Israeli newspaper Haaretz reported the cyber strike, citing a “defense establishment source” who claimed it to be the worst ever to hit the Jewish state. The attack reportedly targeted sites using the ‘gov.il’ domain, which serves all Israeli government websites except defense-related ones.
The government database is one such site, and a potential target for cybercriminals.
Access to some of the affected sites was restored on Monday night, but Israel’s defense establishment and the National Cyber Directorate have declared a state of emergency while websites of strategic importance – such as those related to the country’s water and power infrastructure – can be checked for signs of compromise.

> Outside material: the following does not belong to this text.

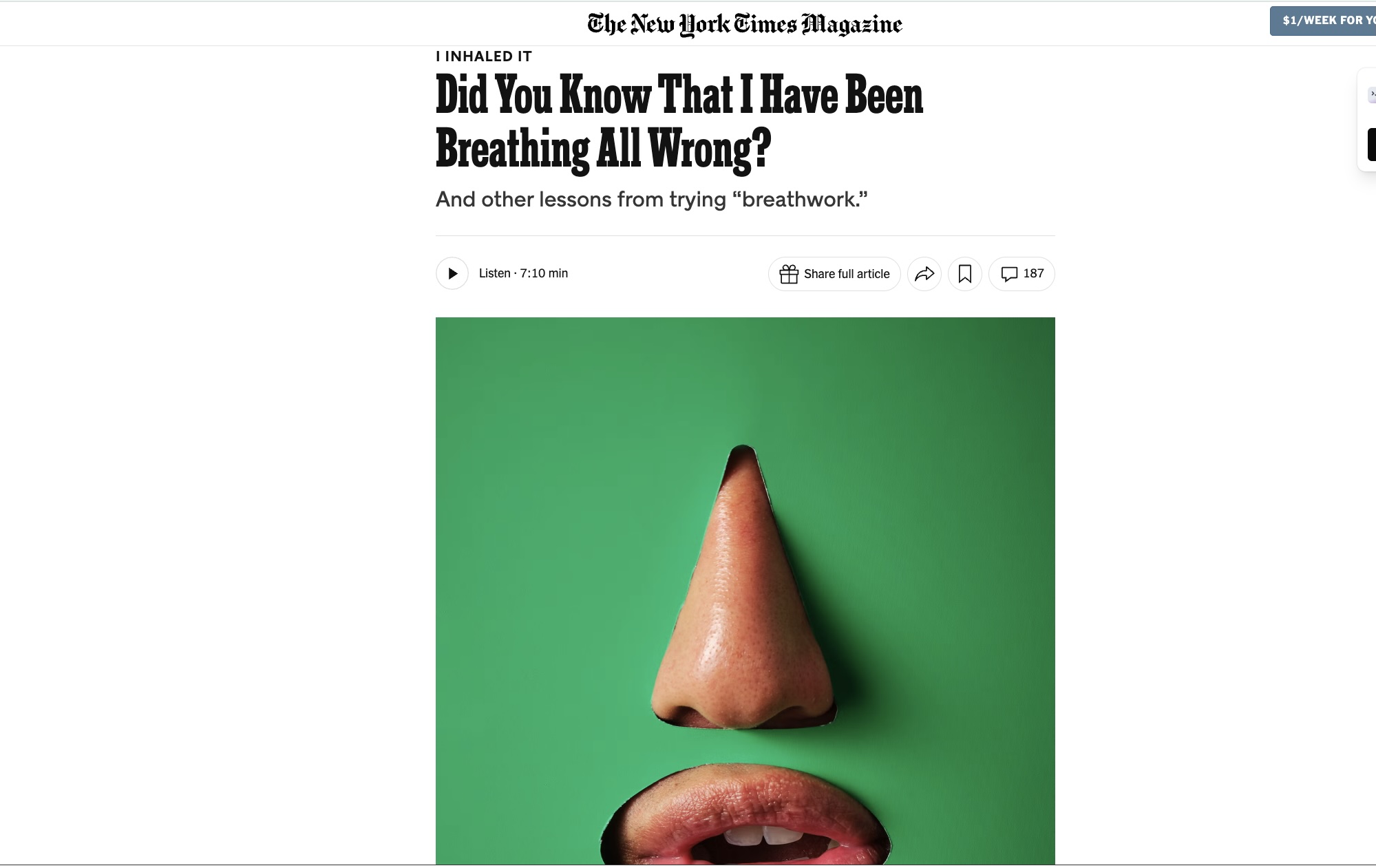 The New York Times article about breathwork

The official cited by Haaretz said that the government believes “a state actor or large organization carried out the attack,” but said that the culprit could not yet be identified.
However, Israeli journalists have already speculated that Iran is to blame. Israel and Iran have for years traded cyberattacks, and Iran’s Islamic Revolutionary Guard Corps (IRGC) hacked CCTV cameras and employee databases at the ports of Haifa and Ashdod last month.
Conflict between Tehran and Tel Aviv also went kinetic in recent days, with Israel killing two IRGC officers in an airstrike in Syria last week, and the IRGC responding with a ballistic missile strike against an alleged Israeli “strategic center” in Erbil, Iraq on Saturday.